Kent Brooks muses about the changes to buildings in Kendal over the past 60 years

THE year 1972 saw the end of the Municipal Corporation and Kendal became part of South Lakeland District Council.

Most people are not now bound together by bonds going back generations and have less loyalty to the place they live.

A demographic transformation has seen the majority of people born elsewhere, although in 1841 out of 312 people living in Collin Croft all but three were born locally and this situation probably continued substantially unchanged for the town as a whole until after the Second World War.

The town, governed by its burgesses and aldermen since medieval times, was now toothless and to confuse matters still further there is now also a Cumbria County Council in addition to six district councils.

A great regret to me is the proliferation of inappropriate architecture.

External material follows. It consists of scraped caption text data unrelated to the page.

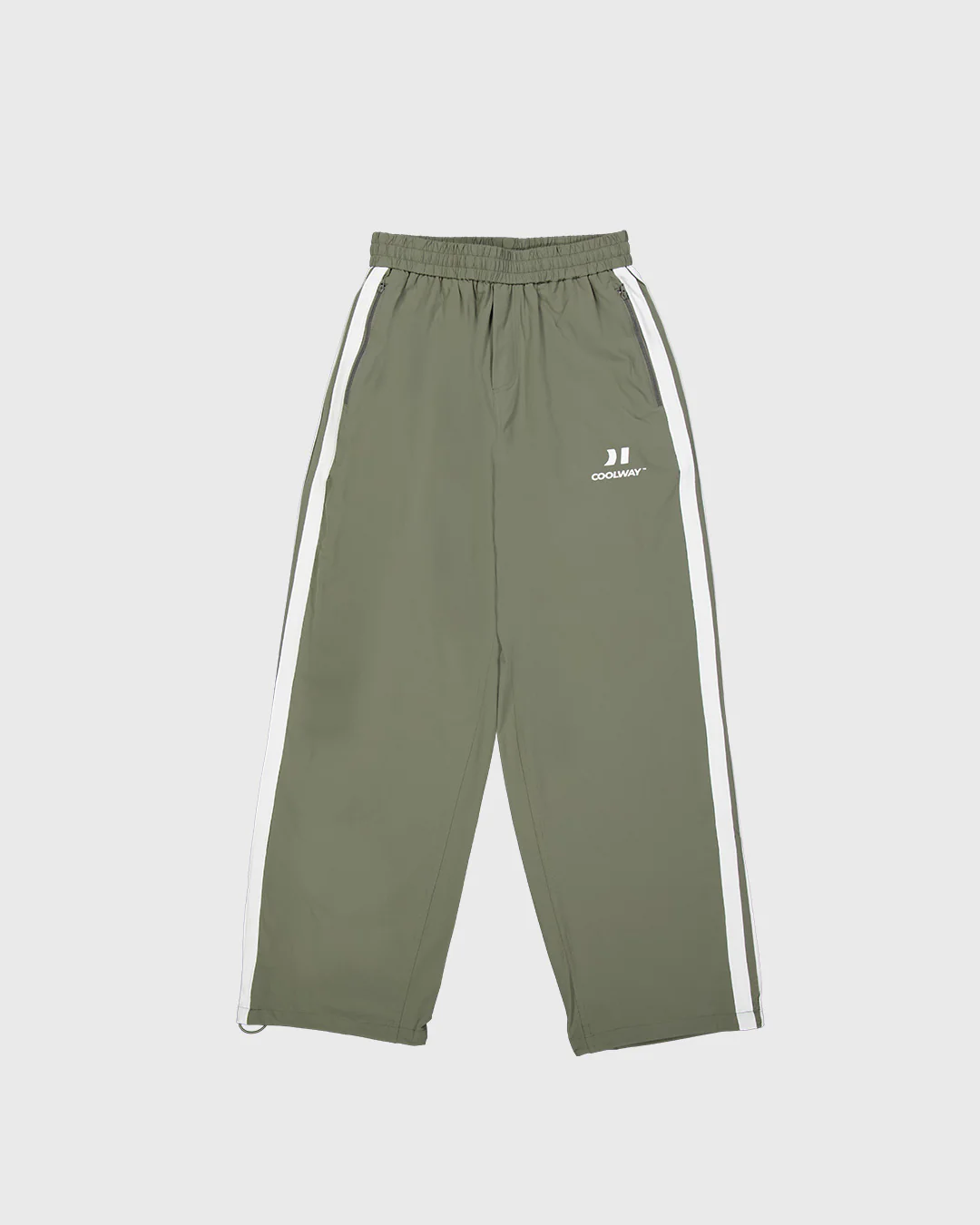 Olive Nylon Track Pants - Image 5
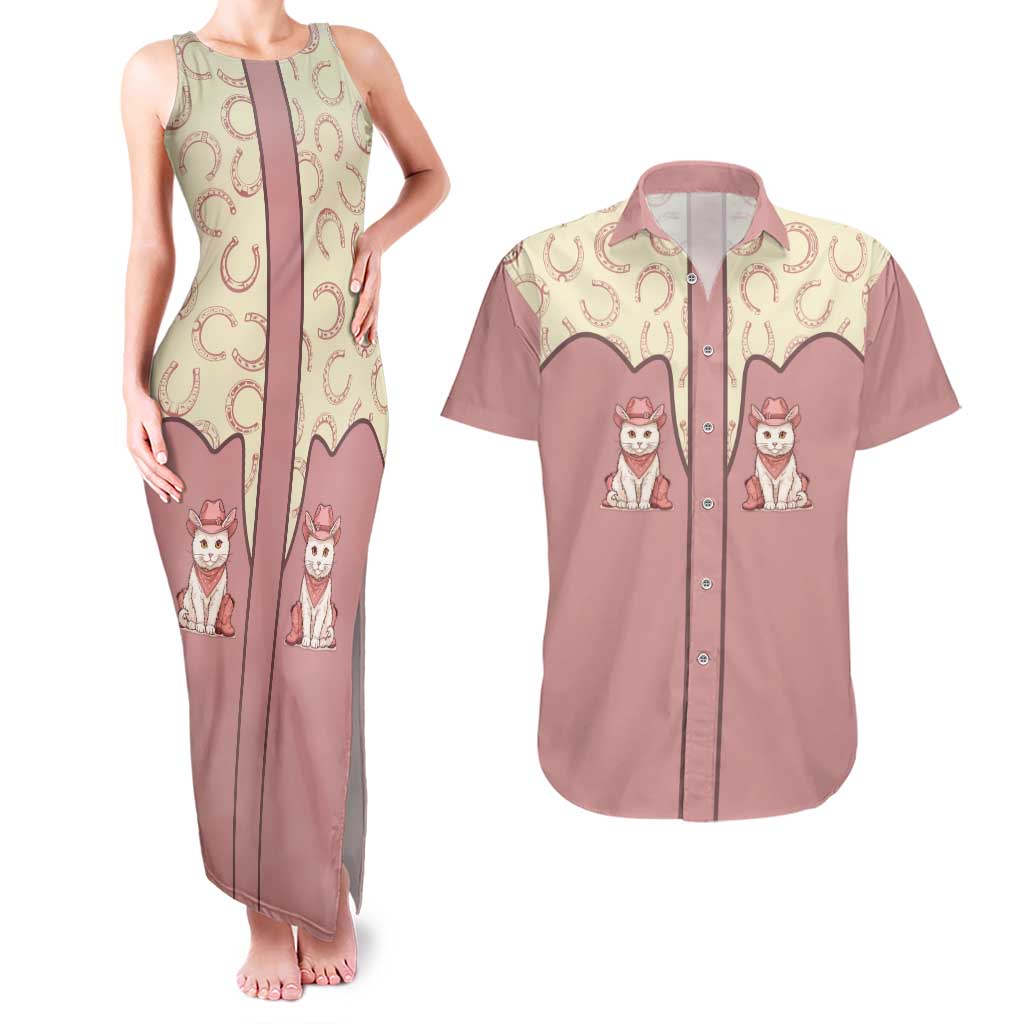 Cowcat Couples Matching Tank Maxi Dress and Hawaiian Shirt Cowboy Cat Meowdy Retro Western Yoke Pink - Wonder Print Shop
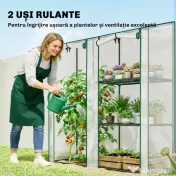 Outsunny Mini Seră cu 3 Rafturi, 2 Uși Rulabile, Seră pentru Grădină cu Cadru din Oțel și Acoperire din Plastic pentru Plante, Legume, Flori, Fructe, Anti UV, 143x45x151 cm, Transparentă | Aosom Romania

Yes, the yards were insanitary and something needed to be done. However, much of this housing stock could have been sympathetically restored, leaving the town as a unique tourist attraction.

However, like many towns in post-war Britain, Kendal couldn’t get on with “modernising” fast enough.

In my view few modern buildings are in tune with local traditions; many are simply hideous.

Even sophisticated residential buildings bristle with inappropriate embellishments: Mansard roofs, turrets, dormers and the like, stuck on by architects who either do not know, or don’t care about the local tradition.

And why do we have 'Mews'? It is a southern term. Here, the mew was where the fodder was kept, adjacent to the shippon.

Inappropriate architecture is not a modern invention - it certainly was found in Victorian times, but it seemed to reach its apogee in the middle years of the 20th century with buildings like Sand Aire House at Kendal.